Da paese di emigrazione - con circa 28 milioni di espatri a partire dall'unità d'Italia - siamo passati ad assistere con indifferenza e curiosità ai primi flussi di immigrazione (negli anni '70 e '80), per attraversare poi il periodo dell'emergenza (tra la fine degli anni '80 e la fine degli anni '90) e arrivare a quello che si può definire il periodo dell'organicità limitata e contrastata (dalla legge Turco-Napolitano del 1998, all'attuale legge Bossi-Fini). In un quadro legislativo che - come ricordato nel Libro Verde elaborato dalla Commissione europea all'inizio del 2005 con l'intento di favorire una politica migratoria comune - anche a livello europeo appare ancora incompiuto e nebuloso.
Eppure per l'Italia cifre e dinamiche parlano chiaro: è tempo di dotarci di una politica adeguata, meno attenta a tutelare un ingresso precario e sempre più capace di gestire un fenomeno di massa e strutturale, perché siamo oggi un grande paese di immigrazione.

Oltre al numero - 2.730.000 a fine 2004 di cui 1.289.000 provenienti dall'Europa, 647.000 dall'Africa, 472.000 dall'Asia, 314.000 dall'America, 7.000 dall'Oceania o apolidi -. aumenta anche il ritmo di crescita degli immigrati (130.000 nuovi arrivi dall'estero in un anno, di cui 88.000 per ricongiungimenti familiari). Inoltre va evidenziata la loro diffusione su tutto il territorio (60% al Nord, 30% al Centro, 10% al Sud) e la normalizzazione dal punto di vista demografico con prevalenza dei coniugati, elevata incidenza dei minori (un quinto dei residenti) e consistente numero di nati da entrambi i genitori stranieri (33.691 nel 2003 e secondo la proiezione del "Dossier Statistico Immigrazione" quasi 40.000 nel 2005). Infine si rileva una crescente tendenza alla stabilità di residenza - con circa il 60% della popolazione straniera soggiornante da più di 5 anni e 320.000 immigrati che, nel corso di questi anni, hanno acquisito la cittadinanza italiana - e un crescente fabbisogno di forze lavoro aggiuntive da parte del mercato occupazionale italiano, con un'incidenza dei lavoratori immigrati vicina all'8% delle forze lavoro.

Al processo irreversibile di strutturalizzazione dell'immigrazione dovrebbe corrispondere una visione organica convinta e proiettata nel futuro.

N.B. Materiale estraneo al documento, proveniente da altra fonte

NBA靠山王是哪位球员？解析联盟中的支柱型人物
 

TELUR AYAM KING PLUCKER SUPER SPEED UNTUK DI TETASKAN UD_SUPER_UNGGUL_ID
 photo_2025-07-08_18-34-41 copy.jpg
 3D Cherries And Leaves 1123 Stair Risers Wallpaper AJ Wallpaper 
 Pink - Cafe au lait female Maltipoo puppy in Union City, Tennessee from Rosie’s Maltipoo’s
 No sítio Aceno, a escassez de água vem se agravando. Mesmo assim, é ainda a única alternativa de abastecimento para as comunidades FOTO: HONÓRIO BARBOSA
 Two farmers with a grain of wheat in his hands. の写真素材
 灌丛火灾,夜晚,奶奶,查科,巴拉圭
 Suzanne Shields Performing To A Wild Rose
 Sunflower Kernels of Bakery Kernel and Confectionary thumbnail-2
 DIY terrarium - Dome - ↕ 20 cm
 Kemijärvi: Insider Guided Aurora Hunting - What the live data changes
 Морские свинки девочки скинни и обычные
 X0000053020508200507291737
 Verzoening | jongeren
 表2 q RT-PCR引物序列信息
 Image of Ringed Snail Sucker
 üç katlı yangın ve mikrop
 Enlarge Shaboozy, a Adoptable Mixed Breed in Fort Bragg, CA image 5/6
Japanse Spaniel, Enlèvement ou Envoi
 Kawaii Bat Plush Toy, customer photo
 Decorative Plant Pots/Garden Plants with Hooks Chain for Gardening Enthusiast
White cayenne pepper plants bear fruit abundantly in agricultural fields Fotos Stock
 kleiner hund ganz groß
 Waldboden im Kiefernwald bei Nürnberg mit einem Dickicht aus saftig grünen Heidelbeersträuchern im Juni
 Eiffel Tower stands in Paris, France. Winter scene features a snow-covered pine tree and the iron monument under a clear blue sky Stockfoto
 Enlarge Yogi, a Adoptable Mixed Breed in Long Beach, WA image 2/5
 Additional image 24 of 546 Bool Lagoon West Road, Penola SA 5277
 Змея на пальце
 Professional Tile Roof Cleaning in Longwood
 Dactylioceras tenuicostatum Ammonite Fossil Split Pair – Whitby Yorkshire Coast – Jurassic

Il nodo della politica migratoria in Italia sta nel collocarsi a metà guado: si ha coscienza che è impossibile tornare indietro ma si è titubanti nell'affrontare il problema delle quote e nell'adottare meccanismi flessibili di collocamento quale era la sponsorizzazione, che certamente la formazione in loco, oltre tutto molto costosa, non è in grado di sostituire. Gli immigrati sono anche i nuovi cittadini e per loro serve un progetto più deciso di integrazione che, banditi definitivamente xenofobia e razzismo, rimedi alle vessazioni di tipo burocratico, elimini le disparità, finanzi le attività necessarie per facilitare l'integrazione (scuola, casa, rimesse,credito, associazionismo, servizio civile dei giovani immigrati⅀) riveda la normativa sulla cittadinanza e faciliti la partecipazione degli immigrati tramite il diritto di voto amministrativo, in un contesto societario unitario quanto ai valori e alle regole ma rispettoso delle diversità.